Conjunctivitis, known as pink eye in the USA, is a common condition which affects the eyes. It occurs when the conjunctiva – the thin, transparent membranes which cover the whites of the eyes and the inside of the eyelids – become inflamed. There are three types of conjunctivitis: infective conjunctivitis (which can be passed from person to person), irritant conjunctivitis and allergic conjunctivitis.
Infective conjunctivitis is common accounting for around 35 percent of eye conditions seen by GP’s in the UK every year. It can have an effect on people of all ages but is most common in children and older people.
What causes conjunctivitis?
The most common causes of conjunctivitis are:
- Bacterial infection.
- Viral infection.
- Sexually transmitted infections (including gonorrhoea and Chlamydia and it is also possible for a mother to pass on Chlamydia to her newborn baby).
Once an individual has conjunctivitis the infection can spread fairly easily through close contact with other people. You do not have to physically touch somebody to get an infection and it is possible for an infection to spread on a crowded bus or train, for example.
Risk factors for conjunctivitis include:
- Being young or old: this is because infections tend to spread quickly among children (this is due to having underdeveloped immune systems and being in close proximity to other children on a regular basis) and elderly people, because they often have weakened immune systems that make them susceptible to infections.
- Taking corticosteroids.
- Blepharitis, a condition which causes the eyelids to become inflamed.
Symptoms of conjunctivitis
Common symptoms of conjunctivitis include:
- Itchy eyes.
- Red, sore eyes.
- Swollen eyelids.
- Collection of yellow or bright green deposits (mucus) in the corners of the eyes and on the eyelashes. This can make it difficult to open your eyes after you have been asleep.
- Watery eyes.
- Inflamed lymph node (gland) at the front of the ear.
Some people also experience symptoms of an upper respiratory tract infection, which include:
- Sore throat.
- Fever (a high temperature).
- Joint pain and aching.
When should I see my GP?
Most cases of conjunctivitis clear up quickly without any treatment, but you should see your GP if your symptoms are not clearing up or they are getting worse. If you think your newborn baby may have conjunctivitis, arrange to see your GP as soon as possible. You should be seen by your GP quickly if you experience the following symptoms:
- Loss of vision.
- Heightened sensitivity to light (photophobia).
- Severe redness in one or both eyes.
- Severe eye pain.
How is conjunctivitis treated?
Conjunctivitis usually clears up without any medical treatment (this can take up to 2 weeks) and there are steps you can take to ease redness and swelling, which include:
- Removing mucus by gently bathing your eyes in lukewarm water.
- Use lubricating eye drops (available over the counter, although it is always best to ask your pharmacist for advice).
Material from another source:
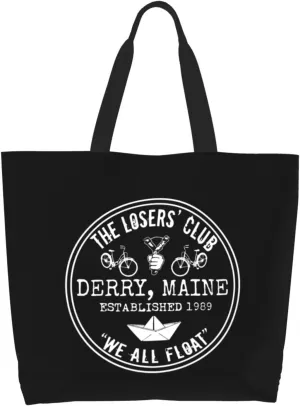 The Losers' Club Emblem Canvas Tote Bags for Women, Ladies Shoulder Handbags Large Purse Lightweight Foldable Reusable Shopping Bag with Pockets for Work, Travel, 15.7x19.7in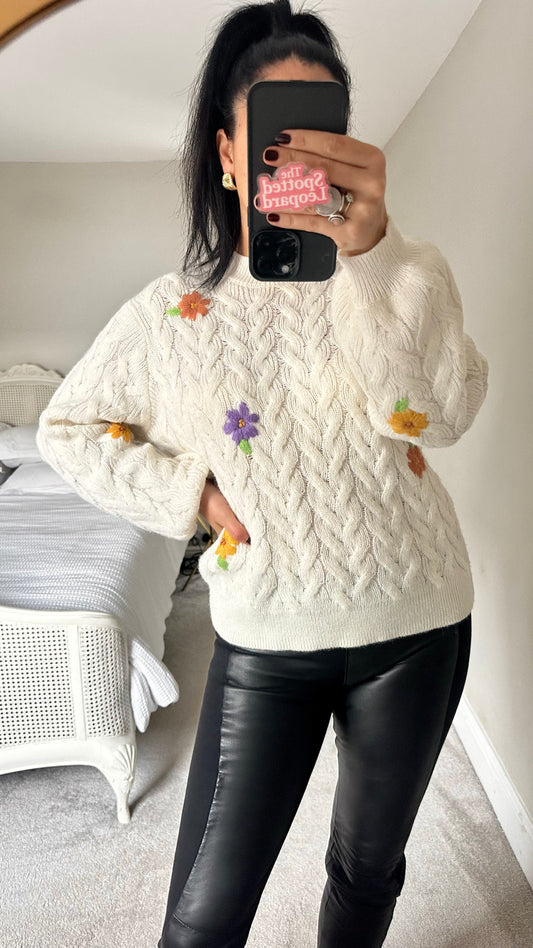 Numph @ Anthropologie cream knitted flower vintage look medium UK 10-12 vgc wool blend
- Avoid wearing contact lenses (if applicable).
- Avoid wearing eye make-up.
- Wash your hands on a regular basis.
Antibiotics are not usually prescribed for conjunctivitis unless the case is particularly severe or symptoms have got worse over a 2-week period, and in this case the antibiotic most commonly used is called chloramphenicol. Another type of antibiotic, known as fusidic acid, may be prescribed for children, the elderly and pregnant women as it is less likely to cause side-effects.